Kernel panic with PF

Fri Jul 21 09:05:50 UTC 2006

Daniel Hartmeier wrote:
> On Fri, Jul 21, 2006 at 02:05:45AM +0200, Max Laier wrote:
> 
> > Which proxies are you using?  The "pool_ticket: 1429 != 1430" messages you 
> > quote below indicate a synchronization problem within the app talking to pf 
> > via ioctl's.  Tickets are used to ensure atomic commits for operations that 
> > require more than one ioctl.  If your proxy app runs in parallel it might 
> > screw up the internal state and thus leave it undefined afterwards.  I give 
> > you that this shouldn't cause a kernel problem, but if we could fix the app 
> > we can probably find the right sanity check more easily.
> 
> This looks like a bug in pf_ioctl.c pfioctl() DIOCCHANGERULE
> 
>                         if (((((newrule->action == PF_NAT) ||
>                             (newrule->action == PF_RDR) ||
>                             (newrule->action == PF_BINAT) ||
>                             (newrule->rt > PF_FASTROUTE)) &&
> -                           !pcr->anchor[0])) &&
> +                           !newrule->anchor)) &&
>                             (TAILQ_FIRST(&newrule->rpool.list) == NULL))
>                                 error = EINVAL;
> 
> i.e. the pool must not be empty for routing and translation rules,
> except for translation rules that are actually anchor _calls_.
> 
> The confusion is between translation rules within anchors
> (pcr->anchor[0] != '\0') and calls to anchors' translation rules
> (rule->anchor != NULL).
> 
> If the proxy is using DIOCCHANGERULE (it must be the proxy, pfctl isn't
> using it at all), AND is trying to add/update a rule that requires at
> least one replacement address but contains an empty list, then this
> would cause the panic seen when that rule later matches a packet.
> 
> This needs fixing in OpenBSD as well.
> 
> Michal, can you please confirm that the patch above fixes the panic?
> The proxy will still misbehave and cause the log messages (one more
> EINVAL in this case ;), but the kernel shouldn't crash anymore.

I am afraid I can't test it at the moment. I am going to get one of the
machines to my lab and will experiment with it there. I am afraid I will
have problems generating enough traffic for the problem to appear but I
will try.

> Thanks for the excellent bug report!

Thank you.

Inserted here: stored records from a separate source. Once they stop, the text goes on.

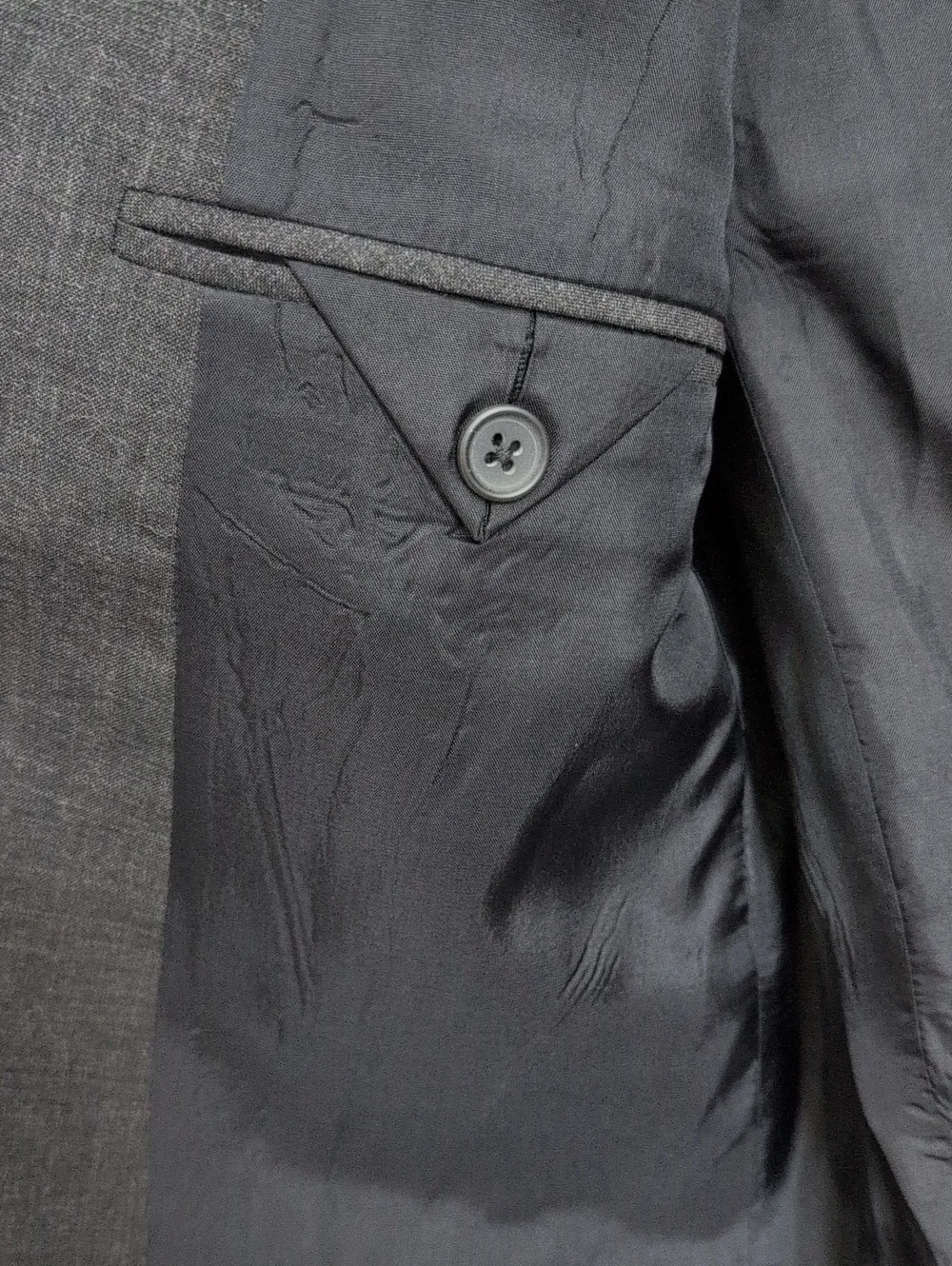 J. Crew Men’s Dark Charcoal Two-Button Notch Lapel 80% Wool Blend Blazer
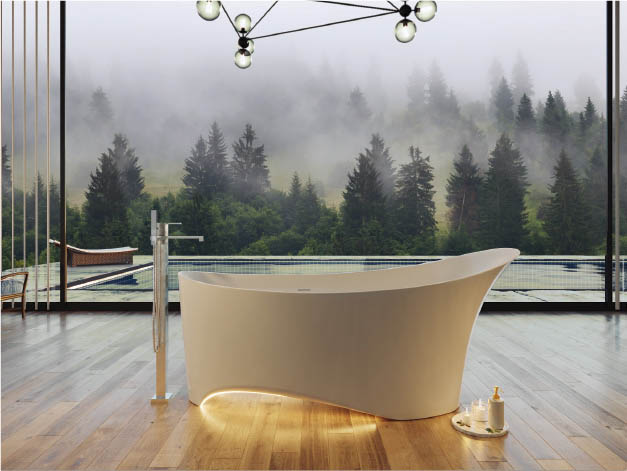 Freestanding Bathtub with Bath Spout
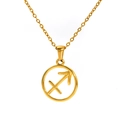 Golden Sagittarius zodiac pendant necklace with cross chain in polished finish - Sagittarius
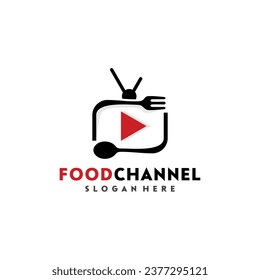 Fork spoon food channel television tv logo vector icon illustration, Emblem, Design Concept, Creative Symbol, Icon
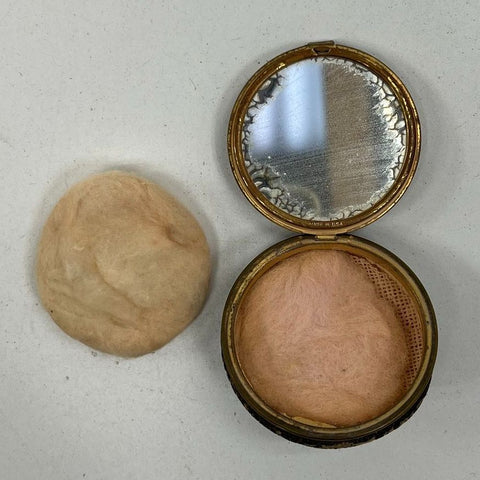 Antique Victorian Romantic Courting Scene Powder Compact Enamel Vanity Case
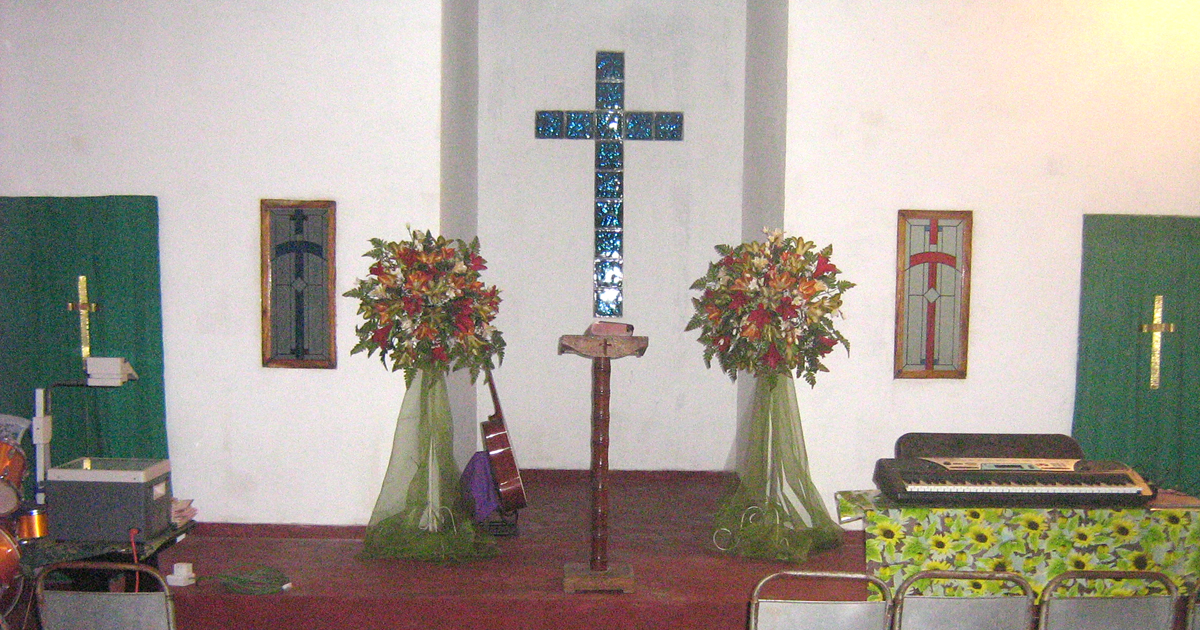 Interior of a small church.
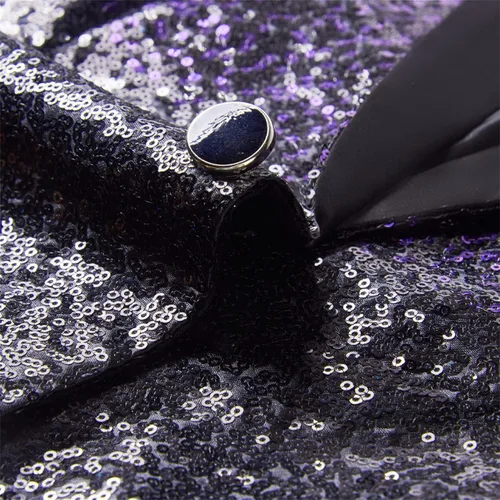 Miniatura 3 de DGHM-JLMY Traje gradual de cantante para hombre, para uso diario, boda, fiesta de graduación, lentejuelas, chaqueta brillante para club nocturno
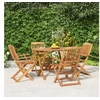 Image de Ensemble à manger de jardin 5 pcs Bois d acacia solide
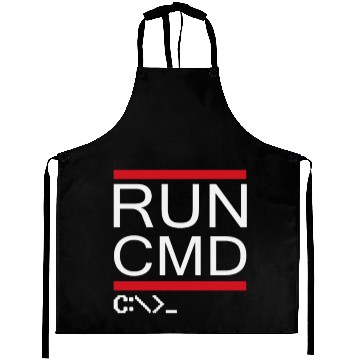 Discover Run CMD Computer Programmer Logo Aprons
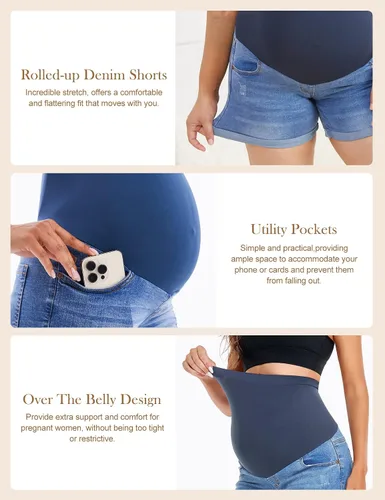 Miniatura 4 de HOFISH Pantalones cortos de mezclilla para mujer, sobre el vientre, soporte de embarazo, transpirables, pantalones cortos de mezclilla de maternidad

I don't think is was that good as I now see that you had to
guess there are anchors used.

The rules look like this (except the rules seen by 'pfctl -s nat' they
are generated by the proxies when they start):

fw1#pfctl -s rule
fw1#pfctl -s nat
nat-anchor "/kernun/*" all
rdr-anchor "/kernun/*" all
fw1#pfctl -s Anchors -v
  kernun
  kernun/4026
  kernun/4039
  kernun/4088
  kernun/4112
  kernun/4134
  kernun/4164
  kernun/4197
  kernun/4257
  kernun/4296
  kernun/4338
  kernun/4383
  kernun/4431
  kernun/4482
  kernun/4590
  kernun/4649
fw1# pfctl -a kernun/4039 -s nat
rdr on em0 inet proto tcp from any to any port = http label "HTTP" ->
127.0.0.1

When the system was under load I saw ~5000 states in 'pfctl -s state'.

Thank you again. I will let you know when I get a chance to test your
patch and or find out anything new.

Michal